Screens don’t ruin a trip. Overwhelm and chaos do. Thoughtful screen time can help your child stay calm and give you a moment to breathe- it is your vacation too.
When You Arrive
Before you unpack six bags or rush to the first activity, set up a home base for your child. It’s a five-minute move that makes the rest of your trip smoother.
Grab a basket; there’s almost always one in the bathroom holding towels. Empty it. Lay a towel on the floor in a corner of the room. Put the basket on top and fill it with a few of your child’s favorite toys from the carry-on, their Toni Box or Yoto Player. Add the hotel notepad and pencil, a snack, a water bottle.
That’s their space.
You’re creating a sense of ownership in a totally unfamiliar room. A corner that belongs to them. Kids settle faster when they have somewhere comfy and familiar to land.
Schedule Downtime From Day One
This is the “travel with kids” hill I will die on: build in rest on purpose, not as a backup plan.
One to two hours of quiet time each day, even if it’s just books and calm play in the hotel room or on a lounger in the shade. Protect naps when you can, even if it is a stroller nap, car nap or contact nap.
Alternate big-activity days with low-key ones. If you hit a museum or hike one day, the next is for the pool, the playground, and an early movie night.
Leave time for unstructured play every single day. Find a playground, a patch of grass, a field to run around in. Set them up on a towel with a few small toys, books, or some drawing materials. Kids process new experiences through play. The afternoon where nothing happens is often what makes the next adventure possible.
Travel Toys: Playdough Sticks / Magnetic Puzzles / Mini Magnetic Tiles / Travel Tangrams / Water Color Booklet / Clixo Travel Pack / Plus Plus/ Plus Plus BIG / Squigz / Mag Cubes / Construction Cubes/Reusable Sticker Book / Mini Animals/ Mini Pets / Road Tape / Mini Cars / Mini Blank Books / Draw And Write Journal / Travel Rummy / Mini Scratch Art / Mini Colored Pencils / Mini Washable Markers / Dot Stickers
Carry on Favorites: Travel Tray / Soft Headphones / Soap and Water Wipes / Muslin Blanket / Backpack / Snack Spinner / Snack Jars / Memory Snack Tray /
While we waited at baggage claim, I made eye contact with the mom from the row in front of me. I turned to my own teenager and said, “That’s what ‘crushing it’ looks like as a mom.” My daughter groaned, muttering, “Mom, no. Seriously… just don’t,” knowing exactly what was coming next.
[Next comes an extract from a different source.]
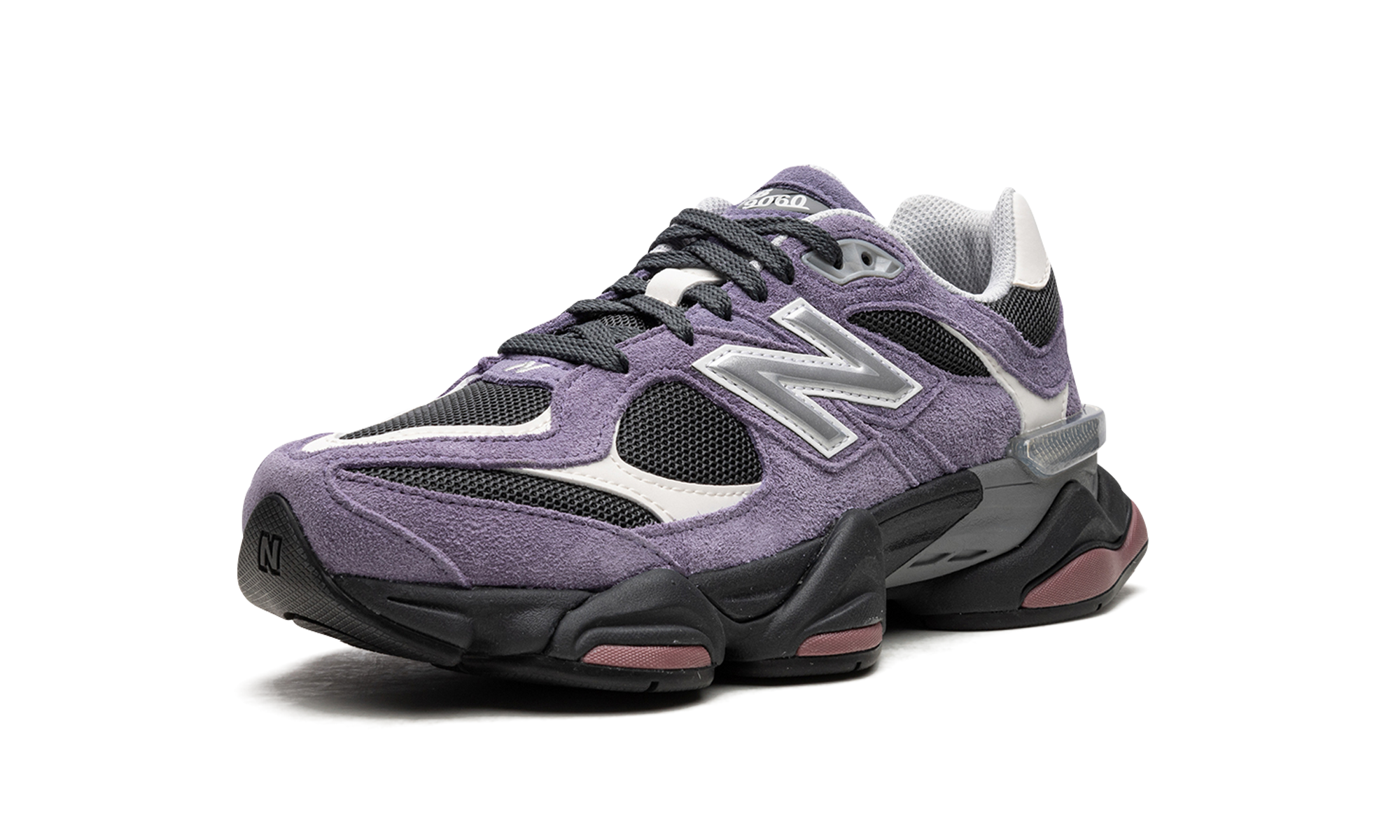 9060 "violet Noir" - 4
I leaned over to her and said, “You are crushing it. My three are teens now, and I remember how much work it is when they are little. Be proud of yourself. I am. I hope you have a great vacation.”
Her tired eyes lit up, and as she shifted the baby from one hip to the other, she said, “Part of me feels like a crazy person attempting this trip, but we’ll see how it goes.”
I didn’t see them again, but I hope they know that traveling with little kids, laughing at the small stuff, and surviving the big stuff is what they’ll remember when their kids are grown. And it matters.
That’s it- everything I learned from years of traveling with little ones. Take what works. Leave the rest. And if this helped even a little, send it to another parent who could use a vacation that doesn’t end in, “we aren’t doing that again for at least five more years.”